First of all, relax. I don't own a shotgun, live in a trailerpark, or fly the Confederate flag from the back of my pick-up. Truth be told, I've never touched a gun, and I couldn't be more in favor of gun control. So why do I call myself a Shotgun Daddy? Here's a quick story.
When my daughter Alison was born five years ago, my life changed forever, but not just because of all the things you usually hear about -- midnight feedings, constant diaper changes, unconditional love, new tax write-off, etc. Sure, we had all that, but within months it quickly became clear that Alison was the most beautiful little girl imaginable.
Whenever we took her out in public -- to the doctor, to visit friends, to a restaurant, even to the mall -- people stopped to tell us how adorable she was. As new parents we were quite flattered, but deep down I wondered, aren't all babies adorable?
At about six months, things started to change. Suddenly these compliments seemed more sincere. "No, really, your daughter is gorgeous." Frequently we heard things like, "You know, people always say that babies are beautiful, but your baby is stunning."
Once we were sitting in a restaurant across from tough-looking biker with a long beard and two massive, tattoo-splashed arms. He kept looking our way throughout the meal, and then finally said, "I'm sorry to interrupt your dinner, but I just have to tell you that your daughter is the most beautiful baby I've ever seen." (It's not just my daughter, by the way. After our son Henry was born two years later, friends of friends referred to us as "the family with the beautiful children.")
All of that is nice -- what father doesn't like to hear good things about his children? -- but soon we started hearing something else. It usually came out the same way. The person, often times a complete stranger, would look at my daughter, then look at me, then look at my daughter again before finally turning back to me with a look of pure pity in his eyes. In time, I'd know what was coming before hearing the words: "You're gonna have to get a shotgun."
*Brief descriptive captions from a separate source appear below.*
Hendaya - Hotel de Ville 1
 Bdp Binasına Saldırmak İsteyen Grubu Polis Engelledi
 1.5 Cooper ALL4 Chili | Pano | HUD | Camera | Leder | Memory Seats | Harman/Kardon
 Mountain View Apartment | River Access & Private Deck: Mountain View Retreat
I've heard it now dozens of times, and each time I nod my head in somber agreement as I think of the parade of boys who will be calling, instant messaging, and e-mailing in years to come. I think of the sixteen-year-olds who will pull up to the curb in convertible Mustangs, and I begin to rethink my gun control stance. I see eyeliner embargoes, piercing pacts, and tattoo treaties. I get visions of treacherous mini-skirts and flirtatious smiles, and I wonder why my little girl can't be forever five years old.
All of this flashes through my mind in an instant before I respond to the shotgun question.
"You're right, I probably will."
And so it is that I am the Shotgun Daddy. But don't worry. While I plan on writing about the true-to-life adventures of two parents and their three children, I don't plan on boring you with their beauty all the time. That's just the story behind the name. Now if you'll excuse me, I need to make a quick run to WalMart. I'm getting a bit low on shotgun shells.